*WHAT YOU NEED TO DO*
Among the entries below, only the lines from the one with "Luz LED para" through the one with "Jelang Pawai Ogoh-Ogoh, Panitia" are to be retyped, exactly and without pictures.

*RECORDS FOR THE EXERCISE*

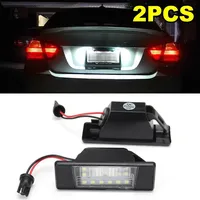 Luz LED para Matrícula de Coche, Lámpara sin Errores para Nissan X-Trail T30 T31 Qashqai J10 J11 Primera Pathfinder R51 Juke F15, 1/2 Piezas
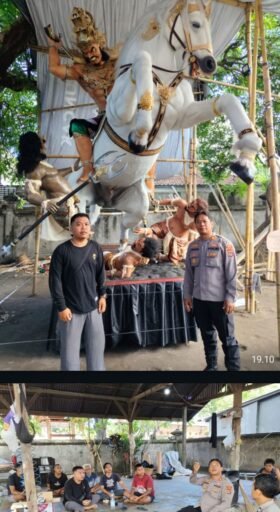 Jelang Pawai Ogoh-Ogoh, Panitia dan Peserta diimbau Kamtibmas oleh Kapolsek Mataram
---
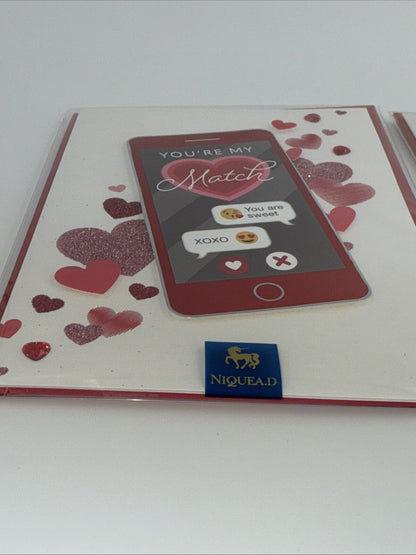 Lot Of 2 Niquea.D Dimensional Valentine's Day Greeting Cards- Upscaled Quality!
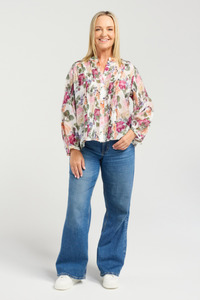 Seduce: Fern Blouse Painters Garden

*EXERCISE RESULT*
 Luz LED para Matrícula de Coche, Lámpara sin Errores para Nissan X-Trail T30 T31 Qashqai J10 J11 Primera Pathfinder R51 Juke F15, 1/2 Piezas
 Jelang Pawai Ogoh-Ogoh, Panitia dan Peserta diimbau Kamtibmas oleh Kapolsek Mataram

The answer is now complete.